» Directions for this task: For this exercise, reproduce the entries below exactly, but only from the line containing "24+2P UbiQuiti Unifi" through the line containing "LUCE Apartments - Foto 10", both included.

====

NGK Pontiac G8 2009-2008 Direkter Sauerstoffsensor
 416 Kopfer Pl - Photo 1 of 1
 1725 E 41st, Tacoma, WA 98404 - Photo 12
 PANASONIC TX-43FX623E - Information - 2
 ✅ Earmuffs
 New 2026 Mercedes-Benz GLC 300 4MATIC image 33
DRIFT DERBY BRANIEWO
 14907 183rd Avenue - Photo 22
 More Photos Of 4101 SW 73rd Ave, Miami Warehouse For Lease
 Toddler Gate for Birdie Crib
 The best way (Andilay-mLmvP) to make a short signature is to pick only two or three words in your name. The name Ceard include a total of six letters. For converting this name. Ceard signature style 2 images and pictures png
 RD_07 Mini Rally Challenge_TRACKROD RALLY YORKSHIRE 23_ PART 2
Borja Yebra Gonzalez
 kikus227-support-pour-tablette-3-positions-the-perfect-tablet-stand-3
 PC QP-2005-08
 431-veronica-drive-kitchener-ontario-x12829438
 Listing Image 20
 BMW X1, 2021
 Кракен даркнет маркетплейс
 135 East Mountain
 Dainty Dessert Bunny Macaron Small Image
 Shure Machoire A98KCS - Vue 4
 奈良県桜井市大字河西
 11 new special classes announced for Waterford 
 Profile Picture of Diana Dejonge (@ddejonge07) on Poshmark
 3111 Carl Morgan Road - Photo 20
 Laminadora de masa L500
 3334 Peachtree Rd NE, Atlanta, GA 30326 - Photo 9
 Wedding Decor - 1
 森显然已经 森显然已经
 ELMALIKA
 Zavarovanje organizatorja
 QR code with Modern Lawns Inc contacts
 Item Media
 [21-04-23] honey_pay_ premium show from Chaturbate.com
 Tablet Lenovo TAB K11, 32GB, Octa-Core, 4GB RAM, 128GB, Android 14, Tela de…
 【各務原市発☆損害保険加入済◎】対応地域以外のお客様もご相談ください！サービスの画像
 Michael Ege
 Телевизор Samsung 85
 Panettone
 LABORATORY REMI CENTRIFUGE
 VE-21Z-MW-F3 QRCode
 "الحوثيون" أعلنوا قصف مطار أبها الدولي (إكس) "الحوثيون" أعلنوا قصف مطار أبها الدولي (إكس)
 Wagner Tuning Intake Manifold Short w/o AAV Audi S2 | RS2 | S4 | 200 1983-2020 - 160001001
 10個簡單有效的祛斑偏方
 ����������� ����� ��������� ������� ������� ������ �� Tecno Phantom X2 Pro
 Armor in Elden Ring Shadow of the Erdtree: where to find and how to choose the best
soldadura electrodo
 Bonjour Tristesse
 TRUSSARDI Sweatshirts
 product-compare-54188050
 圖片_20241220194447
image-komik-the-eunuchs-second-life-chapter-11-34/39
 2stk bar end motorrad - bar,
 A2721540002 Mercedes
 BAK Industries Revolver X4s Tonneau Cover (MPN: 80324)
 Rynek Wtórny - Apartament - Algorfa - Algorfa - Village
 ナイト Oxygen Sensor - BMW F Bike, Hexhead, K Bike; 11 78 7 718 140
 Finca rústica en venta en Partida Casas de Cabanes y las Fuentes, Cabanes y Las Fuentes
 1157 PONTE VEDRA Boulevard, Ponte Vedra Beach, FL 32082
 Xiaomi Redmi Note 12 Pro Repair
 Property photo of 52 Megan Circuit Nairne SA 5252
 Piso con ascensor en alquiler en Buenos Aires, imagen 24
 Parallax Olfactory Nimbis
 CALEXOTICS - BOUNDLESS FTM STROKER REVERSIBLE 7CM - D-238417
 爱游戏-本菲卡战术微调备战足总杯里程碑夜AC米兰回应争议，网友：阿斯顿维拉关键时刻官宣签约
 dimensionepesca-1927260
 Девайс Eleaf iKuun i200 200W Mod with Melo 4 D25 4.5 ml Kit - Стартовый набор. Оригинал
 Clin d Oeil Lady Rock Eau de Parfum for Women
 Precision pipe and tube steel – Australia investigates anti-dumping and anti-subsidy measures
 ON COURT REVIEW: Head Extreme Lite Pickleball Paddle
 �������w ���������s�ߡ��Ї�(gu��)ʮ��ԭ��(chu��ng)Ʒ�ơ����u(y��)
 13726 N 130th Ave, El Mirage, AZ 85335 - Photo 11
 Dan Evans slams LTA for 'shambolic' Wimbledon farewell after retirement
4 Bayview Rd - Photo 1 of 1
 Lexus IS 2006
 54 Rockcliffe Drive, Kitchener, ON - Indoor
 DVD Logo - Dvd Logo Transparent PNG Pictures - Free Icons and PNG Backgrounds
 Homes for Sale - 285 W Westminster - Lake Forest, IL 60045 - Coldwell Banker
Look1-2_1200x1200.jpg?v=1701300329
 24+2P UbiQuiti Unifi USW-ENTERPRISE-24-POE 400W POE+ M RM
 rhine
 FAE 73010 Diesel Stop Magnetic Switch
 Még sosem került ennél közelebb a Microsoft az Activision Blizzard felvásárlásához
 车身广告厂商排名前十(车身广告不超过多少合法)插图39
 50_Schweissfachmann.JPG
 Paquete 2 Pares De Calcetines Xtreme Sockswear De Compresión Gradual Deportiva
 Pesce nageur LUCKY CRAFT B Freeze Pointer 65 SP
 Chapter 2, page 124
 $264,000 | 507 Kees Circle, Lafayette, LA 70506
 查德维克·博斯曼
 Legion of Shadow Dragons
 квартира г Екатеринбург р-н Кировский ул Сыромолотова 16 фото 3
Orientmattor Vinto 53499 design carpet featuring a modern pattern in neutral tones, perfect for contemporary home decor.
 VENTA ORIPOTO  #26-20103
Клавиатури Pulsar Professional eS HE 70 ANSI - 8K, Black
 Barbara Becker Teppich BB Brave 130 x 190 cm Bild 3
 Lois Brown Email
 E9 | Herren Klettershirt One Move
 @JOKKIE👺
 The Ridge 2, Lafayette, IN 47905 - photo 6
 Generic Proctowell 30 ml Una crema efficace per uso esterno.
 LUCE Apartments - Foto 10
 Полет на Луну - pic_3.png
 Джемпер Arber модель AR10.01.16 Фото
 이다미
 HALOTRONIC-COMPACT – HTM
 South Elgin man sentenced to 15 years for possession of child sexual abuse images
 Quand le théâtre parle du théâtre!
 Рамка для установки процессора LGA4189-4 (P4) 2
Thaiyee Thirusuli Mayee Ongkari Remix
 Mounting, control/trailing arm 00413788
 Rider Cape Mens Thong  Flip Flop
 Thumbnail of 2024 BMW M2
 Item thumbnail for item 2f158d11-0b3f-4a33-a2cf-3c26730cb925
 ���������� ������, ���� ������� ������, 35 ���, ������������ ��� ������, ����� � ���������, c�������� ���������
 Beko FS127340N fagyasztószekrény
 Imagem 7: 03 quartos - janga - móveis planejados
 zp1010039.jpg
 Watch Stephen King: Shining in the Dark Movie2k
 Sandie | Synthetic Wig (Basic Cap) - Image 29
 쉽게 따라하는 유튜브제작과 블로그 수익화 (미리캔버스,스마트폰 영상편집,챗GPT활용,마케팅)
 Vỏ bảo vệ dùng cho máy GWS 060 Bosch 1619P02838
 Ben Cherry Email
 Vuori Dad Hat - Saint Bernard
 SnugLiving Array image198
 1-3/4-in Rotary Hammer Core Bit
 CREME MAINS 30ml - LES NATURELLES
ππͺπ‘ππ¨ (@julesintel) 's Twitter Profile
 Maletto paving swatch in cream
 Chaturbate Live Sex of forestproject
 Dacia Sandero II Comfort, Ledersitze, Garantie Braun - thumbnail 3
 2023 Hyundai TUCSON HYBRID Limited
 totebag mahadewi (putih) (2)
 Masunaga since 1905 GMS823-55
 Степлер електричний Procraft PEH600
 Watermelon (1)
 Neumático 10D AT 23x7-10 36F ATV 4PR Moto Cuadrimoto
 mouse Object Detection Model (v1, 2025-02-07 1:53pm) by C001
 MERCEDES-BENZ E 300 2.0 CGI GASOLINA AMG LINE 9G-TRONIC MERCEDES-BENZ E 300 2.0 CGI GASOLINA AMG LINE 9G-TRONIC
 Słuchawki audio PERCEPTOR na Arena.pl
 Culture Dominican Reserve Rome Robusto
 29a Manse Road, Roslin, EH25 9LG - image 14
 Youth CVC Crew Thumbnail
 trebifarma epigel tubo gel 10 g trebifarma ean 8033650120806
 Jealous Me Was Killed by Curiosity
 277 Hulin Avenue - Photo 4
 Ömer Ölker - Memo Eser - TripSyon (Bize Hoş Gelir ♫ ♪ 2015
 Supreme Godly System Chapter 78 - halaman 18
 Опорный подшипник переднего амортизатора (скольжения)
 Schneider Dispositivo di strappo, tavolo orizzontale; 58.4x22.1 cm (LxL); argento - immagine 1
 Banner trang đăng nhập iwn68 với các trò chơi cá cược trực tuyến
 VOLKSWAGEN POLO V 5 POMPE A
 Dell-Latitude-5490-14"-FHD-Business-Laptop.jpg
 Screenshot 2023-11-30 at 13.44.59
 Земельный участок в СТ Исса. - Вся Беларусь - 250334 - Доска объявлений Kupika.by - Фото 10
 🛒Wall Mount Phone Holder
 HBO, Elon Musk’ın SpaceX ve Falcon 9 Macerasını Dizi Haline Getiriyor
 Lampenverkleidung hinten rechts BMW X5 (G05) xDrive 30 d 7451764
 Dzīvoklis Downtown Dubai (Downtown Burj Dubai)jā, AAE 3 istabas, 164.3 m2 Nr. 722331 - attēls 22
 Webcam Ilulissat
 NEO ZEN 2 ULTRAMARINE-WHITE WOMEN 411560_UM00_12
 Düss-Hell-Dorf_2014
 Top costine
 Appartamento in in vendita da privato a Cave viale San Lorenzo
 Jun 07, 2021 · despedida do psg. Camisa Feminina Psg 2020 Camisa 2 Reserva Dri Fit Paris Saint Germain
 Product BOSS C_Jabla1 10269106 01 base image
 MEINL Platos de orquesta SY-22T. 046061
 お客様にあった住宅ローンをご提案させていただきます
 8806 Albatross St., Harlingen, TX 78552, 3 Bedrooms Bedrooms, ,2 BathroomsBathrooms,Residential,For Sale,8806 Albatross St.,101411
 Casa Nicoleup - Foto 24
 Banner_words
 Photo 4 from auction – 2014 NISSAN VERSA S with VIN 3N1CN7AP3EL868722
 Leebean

====

» Answer space:
 24+2P UbiQuiti Unifi USW-ENTERPRISE-24-POE 400W POE+ M RM
 rhine
 FAE 73010 Diesel Stop Magnetic Switch
 Még sosem került ennél közelebb a Microsoft az Activision Blizzard felvásárlásához
 车身广告厂商排名前十(车身广告不超过多少合法)插图39
 50_Schweissfachmann.JPG
 Paquete 2 Pares De Calcetines Xtreme Sockswear De Compresión Gradual Deportiva
 Pesce nageur LUCKY CRAFT B Freeze Pointer 65 SP
 Chapter 2, page 124
 $264,000 | 507 Kees Circle, Lafayette, LA 70506
 查德维克·博斯曼
 Legion of Shadow Dragons
 квартира г Екатеринбург р-н Кировский ул Сыромолотова 16 фото 3
Orientmattor Vinto 53499 design carpet featuring a modern pattern in neutral tones, perfect for contemporary home decor.
 VENTA ORIPOTO  #26-20103
Клавиатури Pulsar Professional eS HE 70 ANSI - 8K, Black
 Barbara Becker Teppich BB Brave 130 x 190 cm Bild 3
 Lois Brown Email
 E9 | Herren Klettershirt One Move
 @JOKKIE👺
 The Ridge 2, Lafayette, IN 47905 - photo 6
 Generic Proctowell 30 ml Una crema efficace per uso esterno.
 LUCE Apartments - Foto 10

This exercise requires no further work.